Un compromis parfois difficile à trouver dans le contexte des appels à projets, soulignent plusieurs présidents d'université, comme Pascal Olivard, de l'Université Bretagne-Loire. Le président de la commission "Regroupements et politique de site" de la CPU (Conférence des présidents d'université) pointe "la schizophrénie entre les investissements d'avenir et la logique de réseaux" : "On nous demande de travailler ensemble alors qu'il faut être meilleurs que les autres."

La crainte d'une métropolisation de l'enseignement supérieur

Frédérique Vidal, la ministre de l'Enseignement supérieur, de la Recherche et de l'Innovation qui est intervenue lors du colloque, se veut rassurante : les politiques de site doivent avant tout garantir "que les étudiants trouvent une formation de proximité sur l'ensemble du territoire". C’est "la possibilité de pouvoir démarrer des études supérieures qui mèneront ensuite vers des diplômes de deuxième ou de troisième cycle qui, eux, ne peuvent pas être sur l’ensemble du territoire".

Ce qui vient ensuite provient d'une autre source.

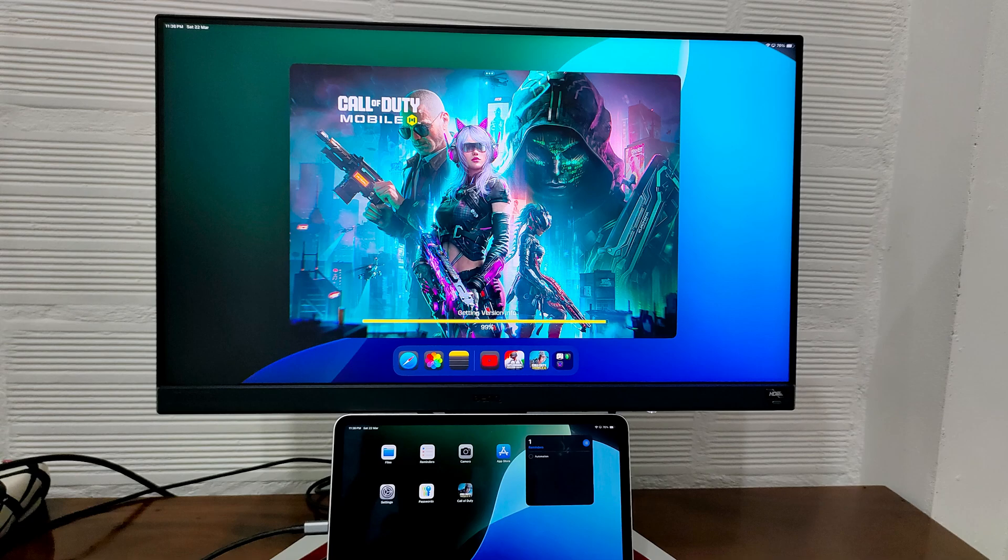Hey everyone, today I'm going to show you how to extend your iPad Pro's display to any external monitor.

"Les sites universitaires de proximité et les universités de petite taille feront partie de la réponse" à apporter à l'augmentation de la population étudiante, assure Frédérique Vidal. "Il ne faut pas craindre que les regroupements entraînent un reflux vers les métropoles", précise la ministre, qui invite les collectivités à participer aux réflexions. Une invitation à laquelle a répondu positivement la présidente de l’Avuf, Catherine Vautrin.